WHAT THIS TASK INVOLVES :: The expected output is each line from the one containing "6 makkelijke trucs om meer groenten te eten" to the last line of the data below, set down exactly, minus the pictures.

DATA TO EXAMINE ::

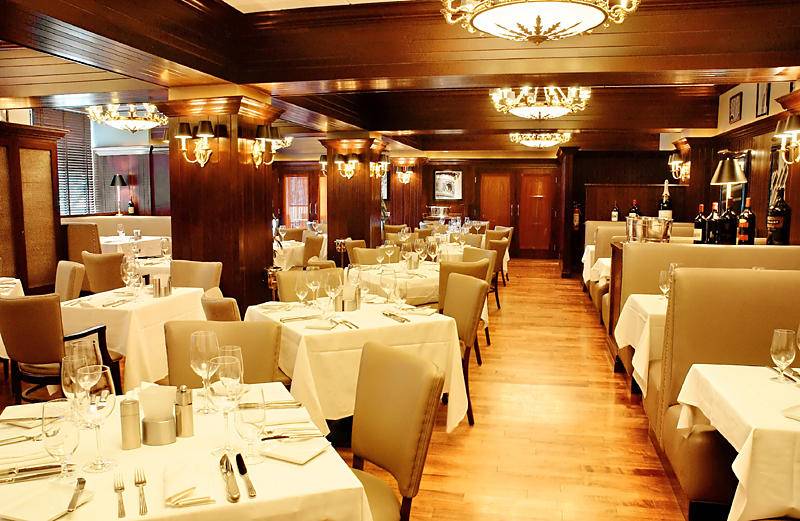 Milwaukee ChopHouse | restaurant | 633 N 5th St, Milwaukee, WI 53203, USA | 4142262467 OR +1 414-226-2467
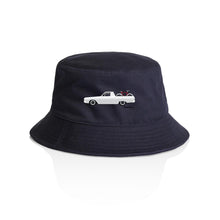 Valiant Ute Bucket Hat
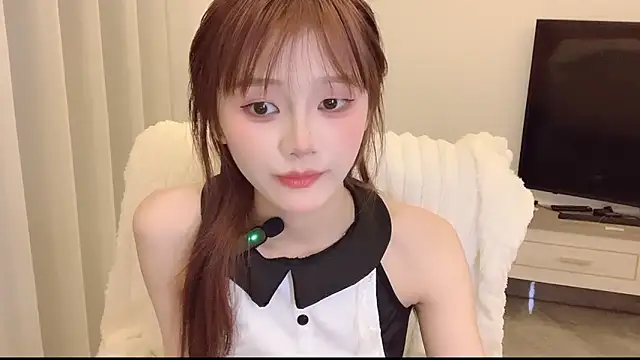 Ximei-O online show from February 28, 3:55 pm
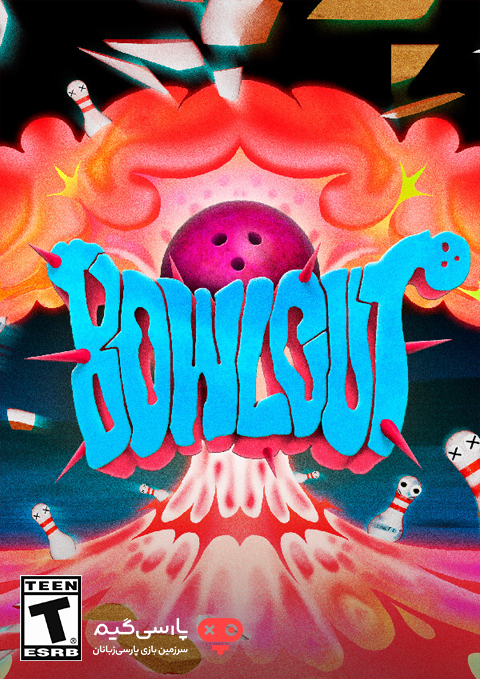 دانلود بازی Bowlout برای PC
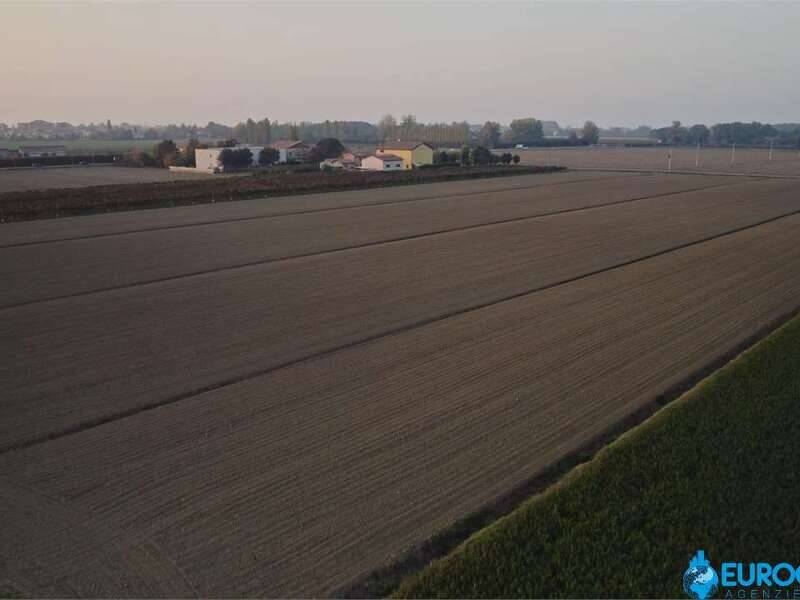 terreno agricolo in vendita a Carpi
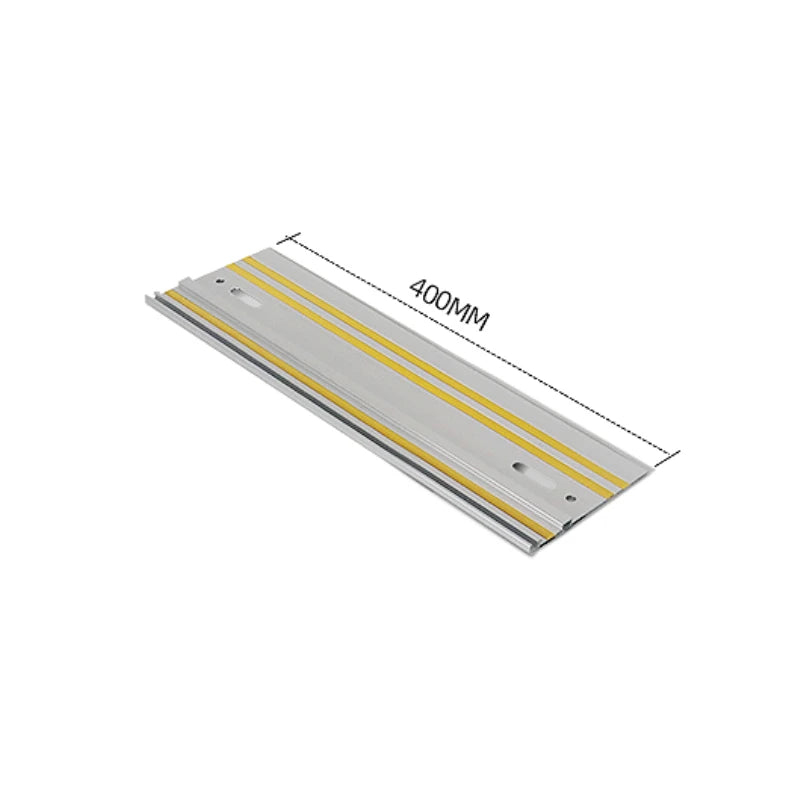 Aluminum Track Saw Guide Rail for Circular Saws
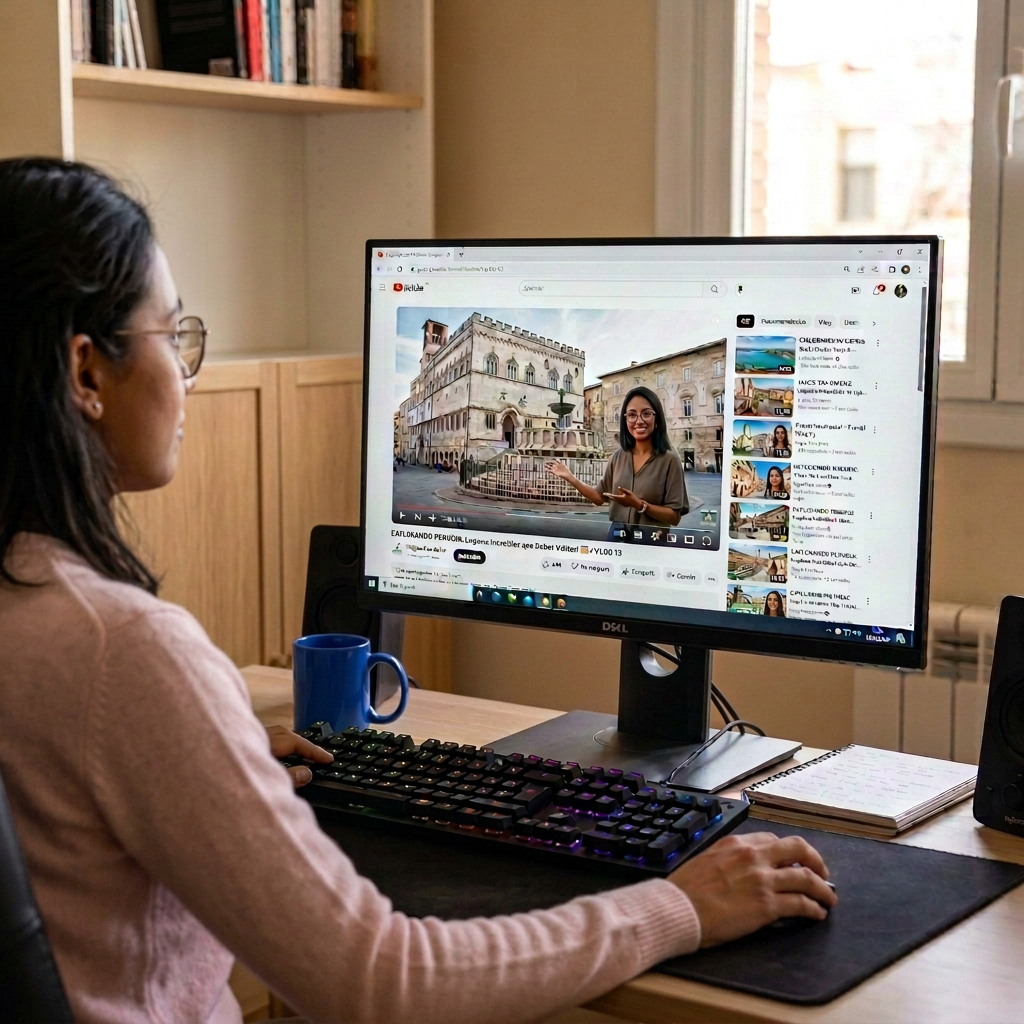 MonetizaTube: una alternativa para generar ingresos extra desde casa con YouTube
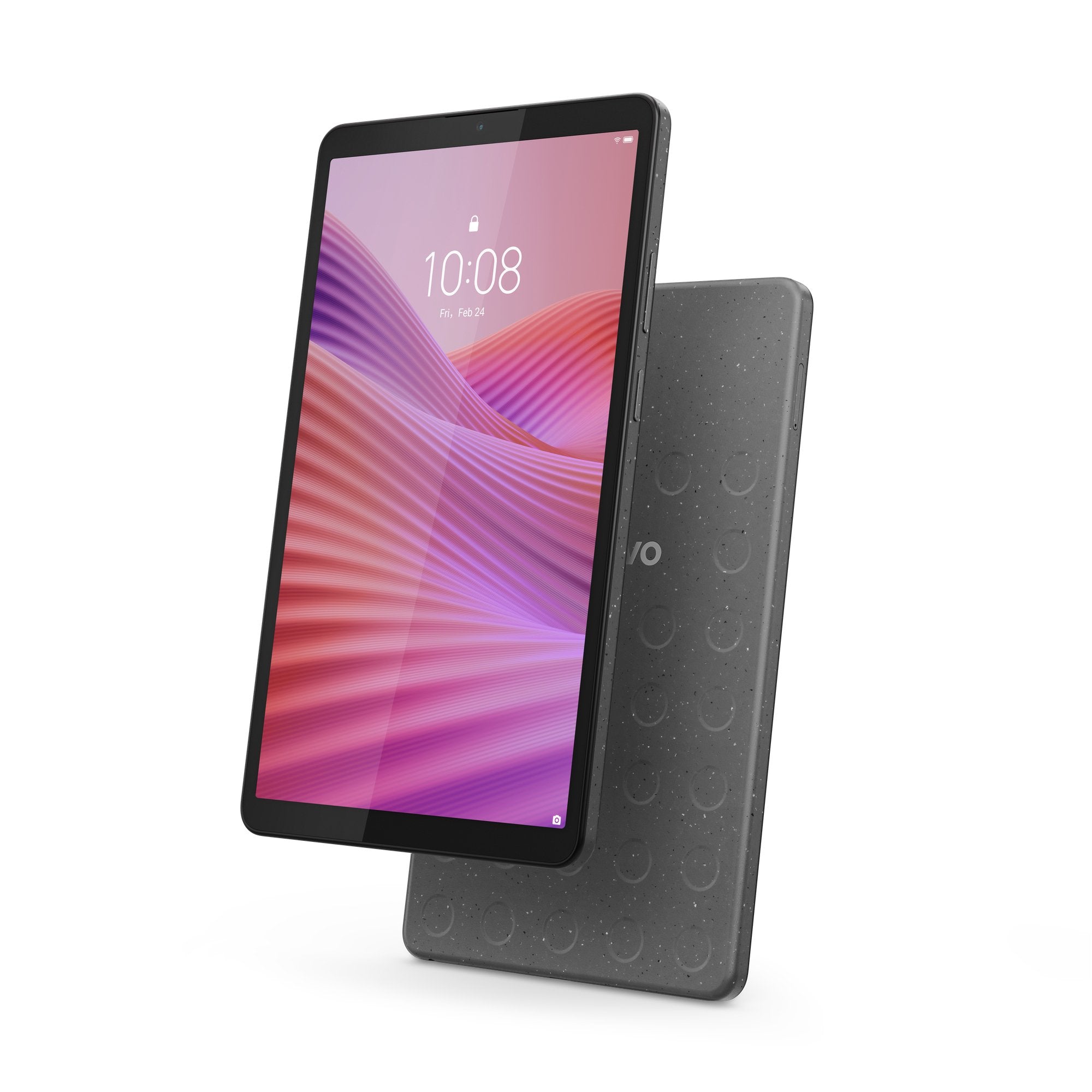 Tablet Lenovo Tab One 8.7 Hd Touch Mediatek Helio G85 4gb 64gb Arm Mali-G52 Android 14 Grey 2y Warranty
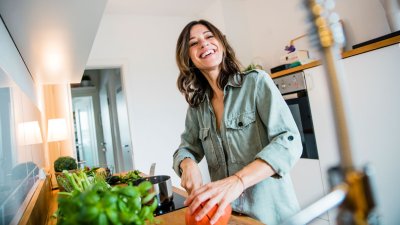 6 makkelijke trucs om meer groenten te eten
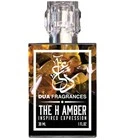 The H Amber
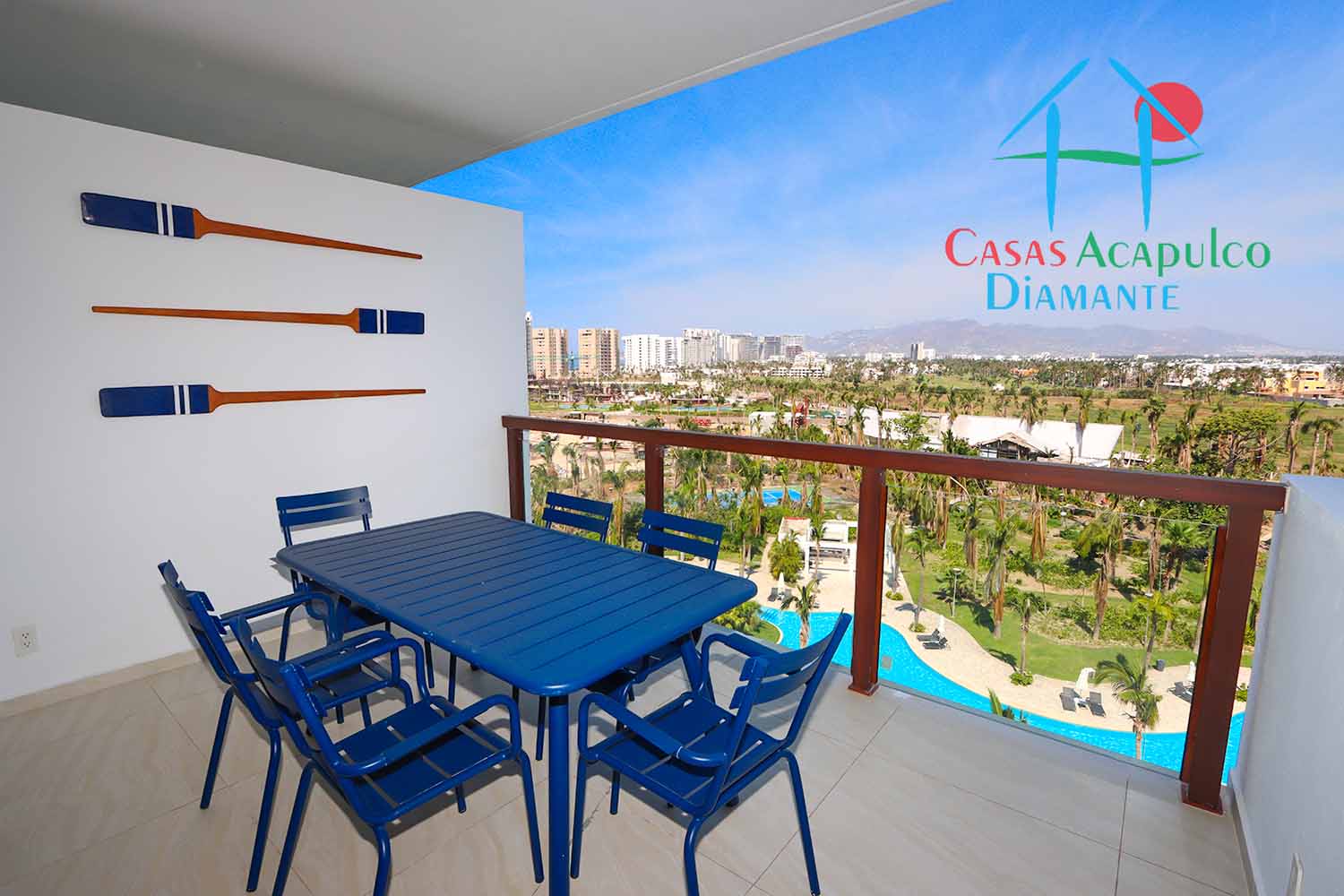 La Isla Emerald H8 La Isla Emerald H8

ANSWER BELOW ::
 6 makkelijke trucs om meer groenten te eten
 The H Amber
 La Isla Emerald H8 La Isla Emerald H8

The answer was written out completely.